Is it safe to consume aspartame, the artificial sweetener in Diet Coke, Diet Pepsi, and dozens of other foods?


Since 2005, the Center for Science in the Public Interest (Nutrition Action’s publisher) has said no.

Our concern: Studies have found a higher risk of lymphomas, leukemias, and liver and lung cancer in mice or rats given aspartame. And researchers have seen a slightly higher risk of multiple myeloma and non-Hodgkin lymphoma in men who drink at least one diet soda a day.

For years, we’ve urged the International Agency for Research on Cancer (part of the World Health Organization) to review that evidence. Now, it has.

In July, IARC said that aspartame is “possibly carcinogenic to humans” based on “limited” evidence that it may raise the risk of liver cancer.

IARC relied largely on a few studies that reported a slightly higher risk of liver cancer in people who frequently consume diet sodas. But it noted that “chance, bias, or confounding” could also explain those results.

That’s why the agency stopped short of calling aspartame “carcinogenic to humans” (like tobacco, alcohol, and processed meats) or “probably carcinogenic to humans” (like DDT, red meats, and high-temperature frying emissions).

At the same time, the WHO’s Joint Expert Committee on Food Additives (JECFA) announced that it would not change its “acceptable daily intake” for aspartame: up to 18 milligrams per pound of body weight, which is equal to 9 to 14 cans a day of diet soda.

Confused?

IARC looks at hazard (whether something can cause cancer), while JECFA looks at risk (how likely it is that cancer might occur), so there’s not necessarily a contradiction. One thing both agencies agree on: We need more research on aspartame.

Where does that leave you? To play it safe, avoid aspartame. Your best bet: water—flat or fizzy.

gricery store selves filled with 2 liter bottles of diet coke
Try LaCroix, Spindrift, or other waters instead of diet sodas made with aspartame.
billtster - stock.adobe.com.

From LaCroix to Spindrift to a host of smaller brands like Waterloo and Sanzo, refreshing unsweetened flavored sparkling waters are easy to find. Or try low-calorie drinks made with safe sweeteners like stevia extract. To use fewer bottles and cans, consider a homemade seltzer-maker like Soda­Stream.

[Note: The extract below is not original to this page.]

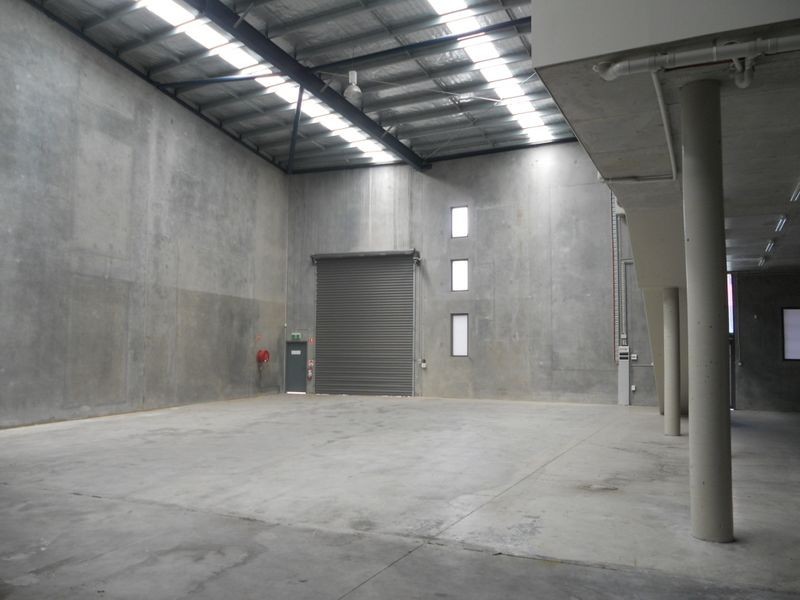 3/5 Clerke Place, Kurnell NSW 2231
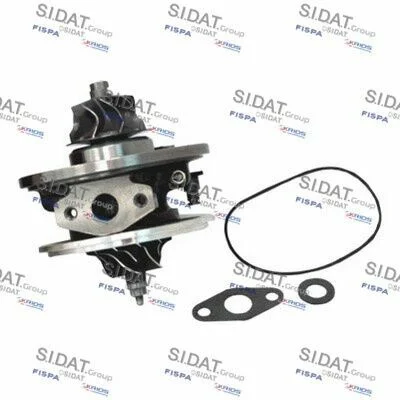 distriauto7-827924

Just don’t switch to sugary drinks, which can raise the risk of type 2 diabetes and other health problems, in part by causing weight gain.

Meanwhile, we’ll keep pressing the FDA to re-examine all the evidence on aspartame. And we’ll continue urging the food and beverage industries to use safer alternatives and to increase the availability of unsweetened beverages in stores and restaurants.